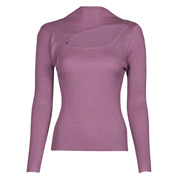 yurban女装针织衫半高领，打底衫淡紫色春秋，2024年洋气修身罩衫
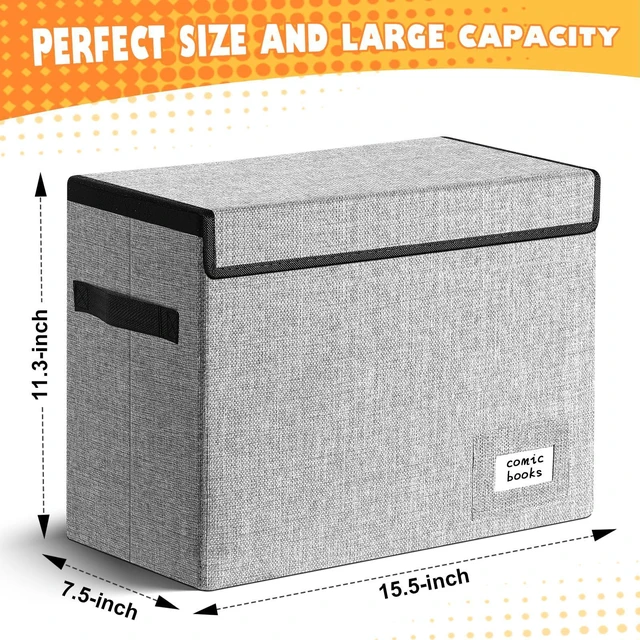 Alt view image 2 of 7 - 2 Pack Comic Book Storage, Comic Book Box 15.5" X 7.5" X 11.3" Collapsible Comic Short Box with Lids Holds 150 Comics Heavy Duty Comic Book Bin Container (Grey)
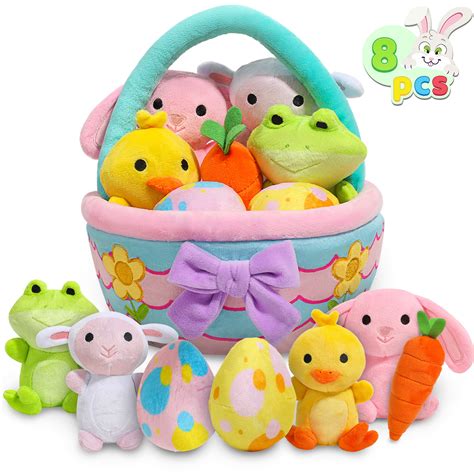 Syncfun 8 Pcs Premade Easter Basket With Easter Plushes For Baby Kids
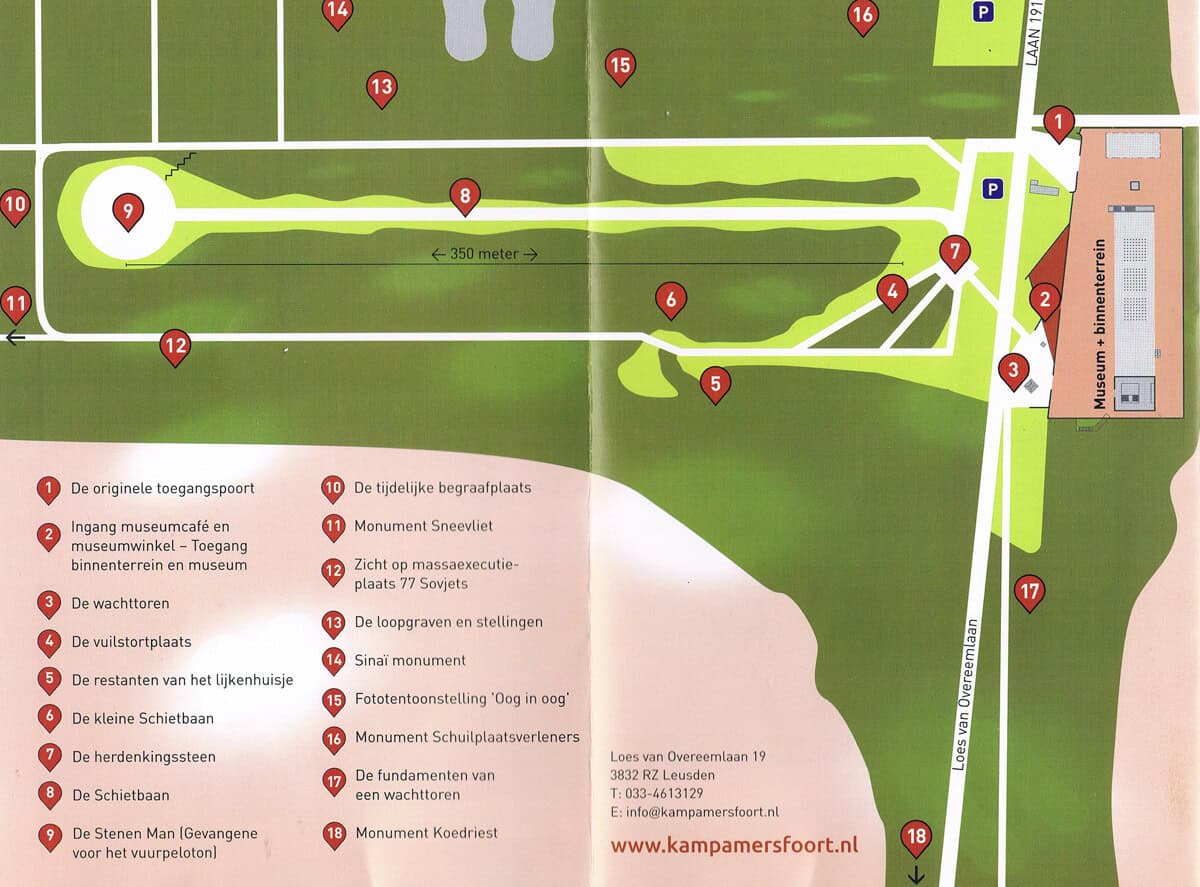 Plattegrond van het buitenterrein van Nationaal Monument Kamp Amersfoort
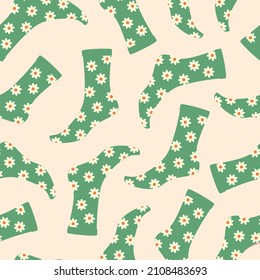 
Socks, knee socks, stockings. Seamless pattern. Woman, female, girls feet, legs walking in bright colored print. Fashion socks, knee socks with color ornament. Color Isolated flat vector illustration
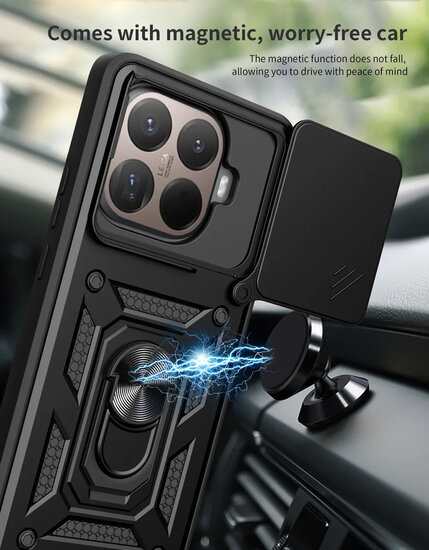 Xiaomi 15T Pro Hoesje - MobyDefend Pantsercase Met Draaibare Ring - Zilvergrijs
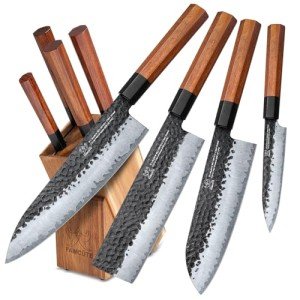 Japanese Chef Knife Set with Rosewood Block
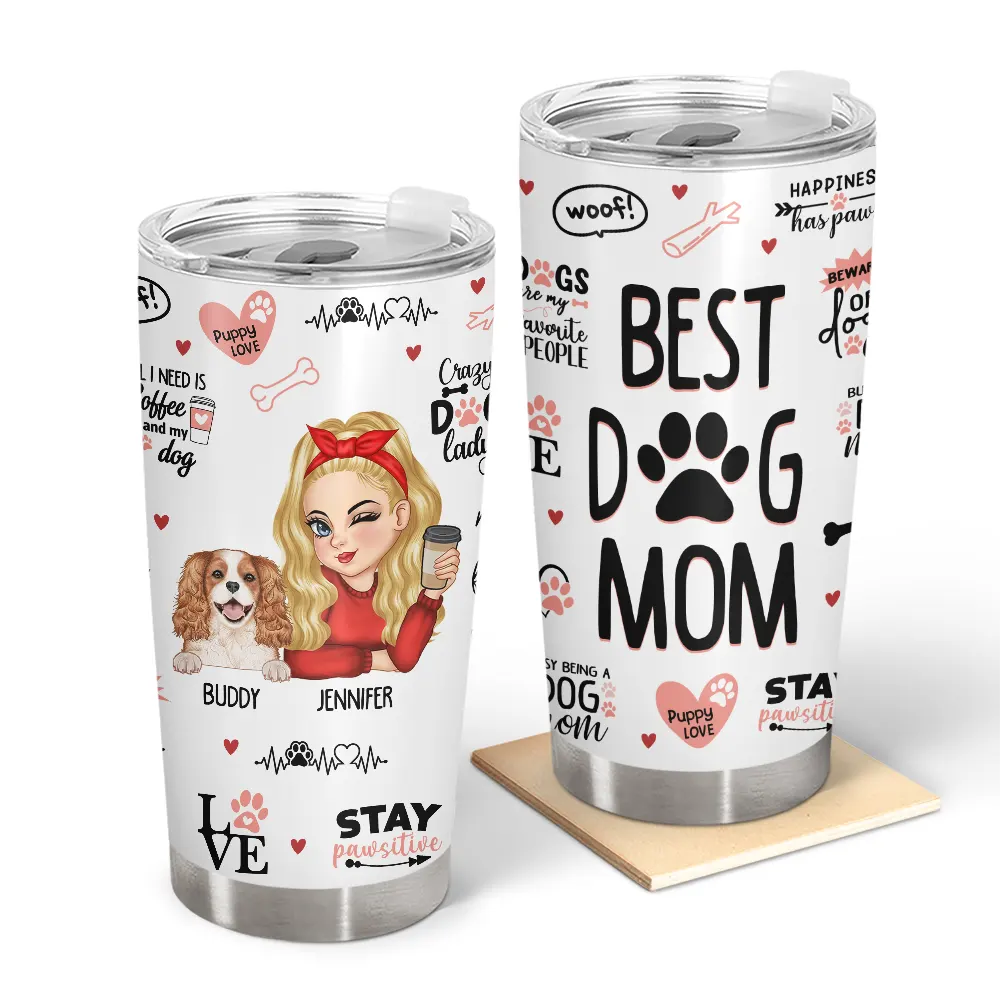 Best Dog Mom Puppy Love - Personalized Tumbler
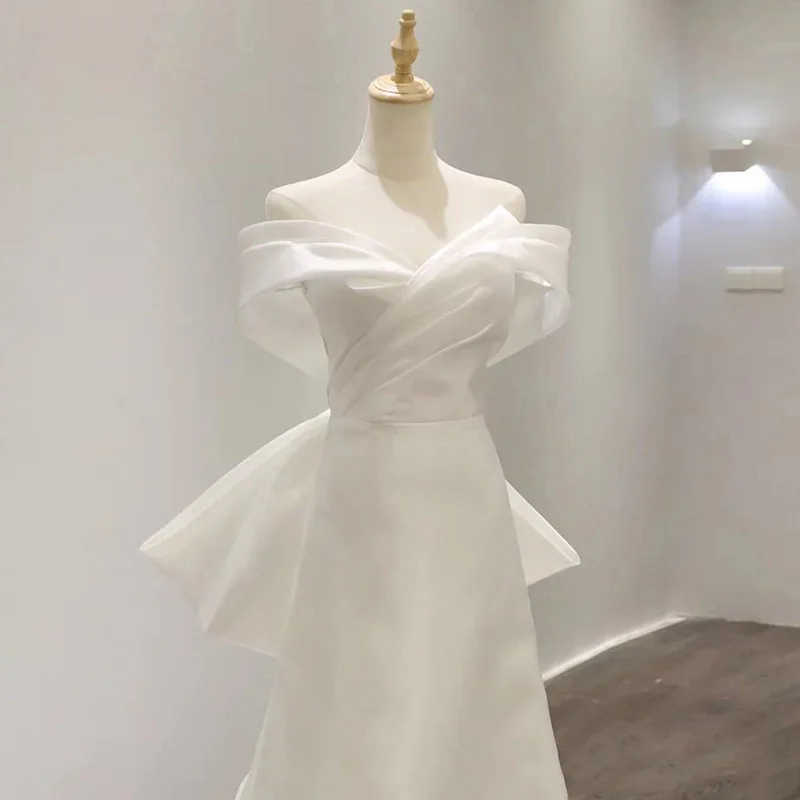Vestidos Elegantes Para Mujer Vestido De Noiva Свадебное Платье 2026 One Shoulder Satin Mermaid Wedding Dresses Bridal Simple
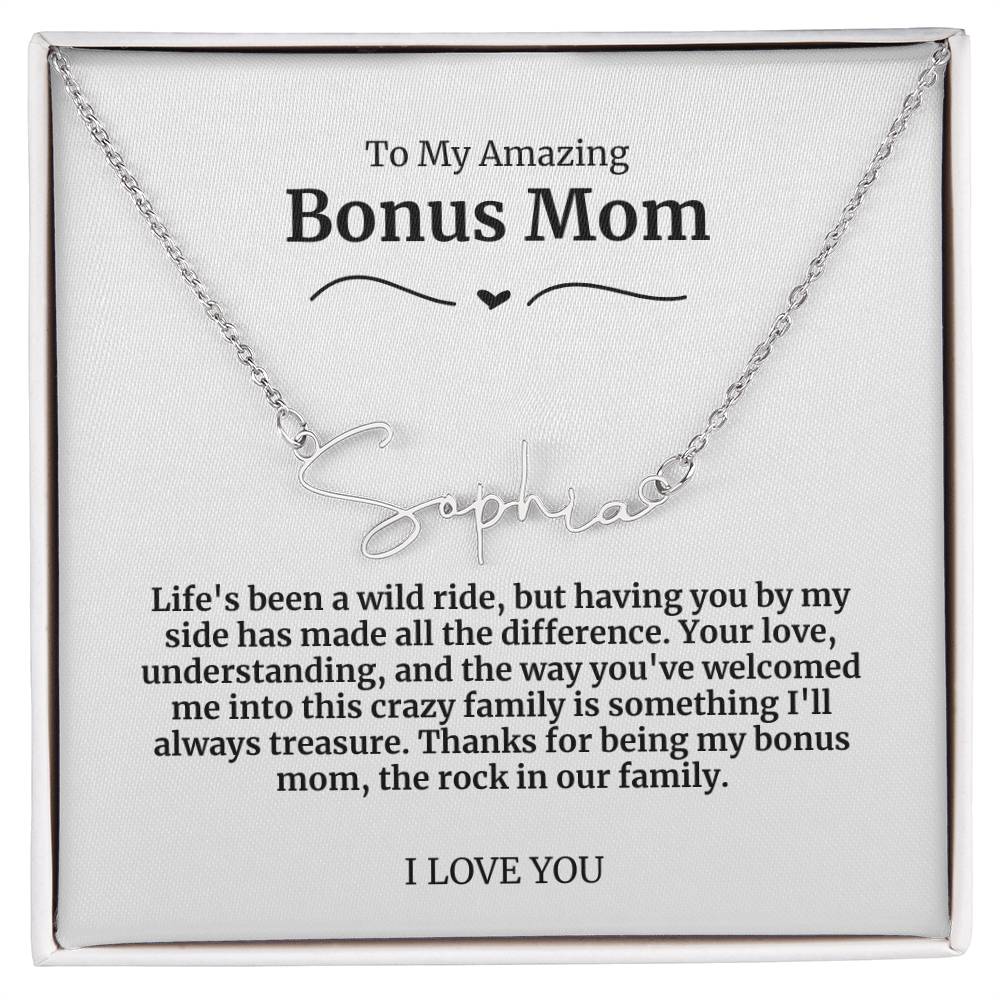 To My Amazing Bonus Mom Signature Necklace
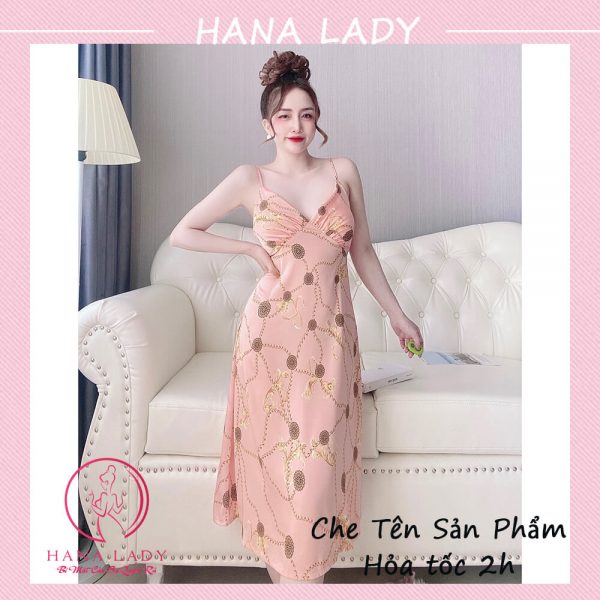 Váy ngủ lụa cao cấp dáng dài loang màu xanh VN470 10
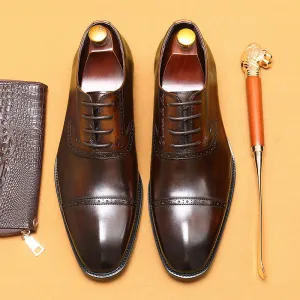 Top Layer Cowhide Men's Leather Shoes British Brogue Carved Leather Shoes Business Formal Wear Genuine Leather Pointed Oxford Shoes96111
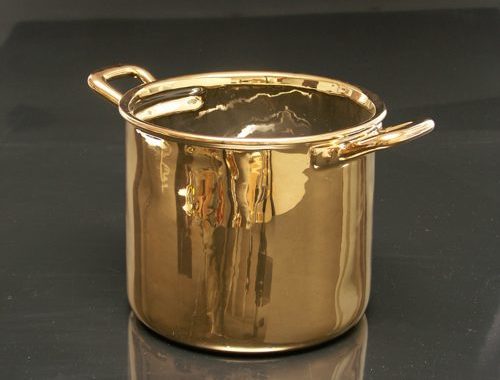 Pfanne Porzellan gold - Höhe 16 cm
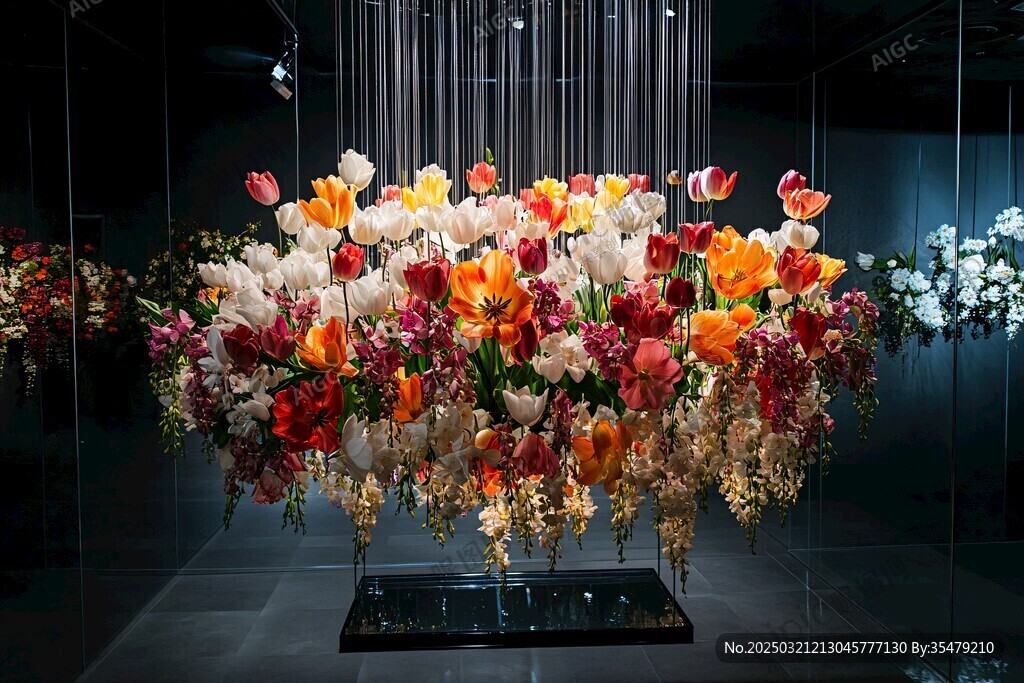 悬挂花卉艺术展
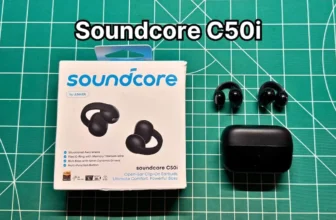 Anker Soundcore C50i wireless clip on earbuds next to charging case and box packaging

====

An answer containing only the lines from the one holding "Japanese Chef Knife Set with Rosewood Block" through the close of the entries above, reproduced exactly and stripped of pictures, is expected.

 Japanese Chef Knife Set with Rosewood Block
 Best Dog Mom Puppy Love - Personalized Tumbler
Vestidos Elegantes Para Mujer Vestido De Noiva Свадебное Платье 2026 One Shoulder Satin Mermaid Wedding Dresses Bridal Simple
 To My Amazing Bonus Mom Signature Necklace
 Váy ngủ lụa cao cấp dáng dài loang màu xanh VN470 10
 Top Layer Cowhide Men's Leather Shoes British Brogue Carved Leather Shoes Business Formal Wear Genuine Leather Pointed Oxford Shoes96111
 Pfanne Porzellan gold - Höhe 16 cm
 悬挂花卉艺术展
 Anker Soundcore C50i wireless clip on earbuds next to charging case and box packaging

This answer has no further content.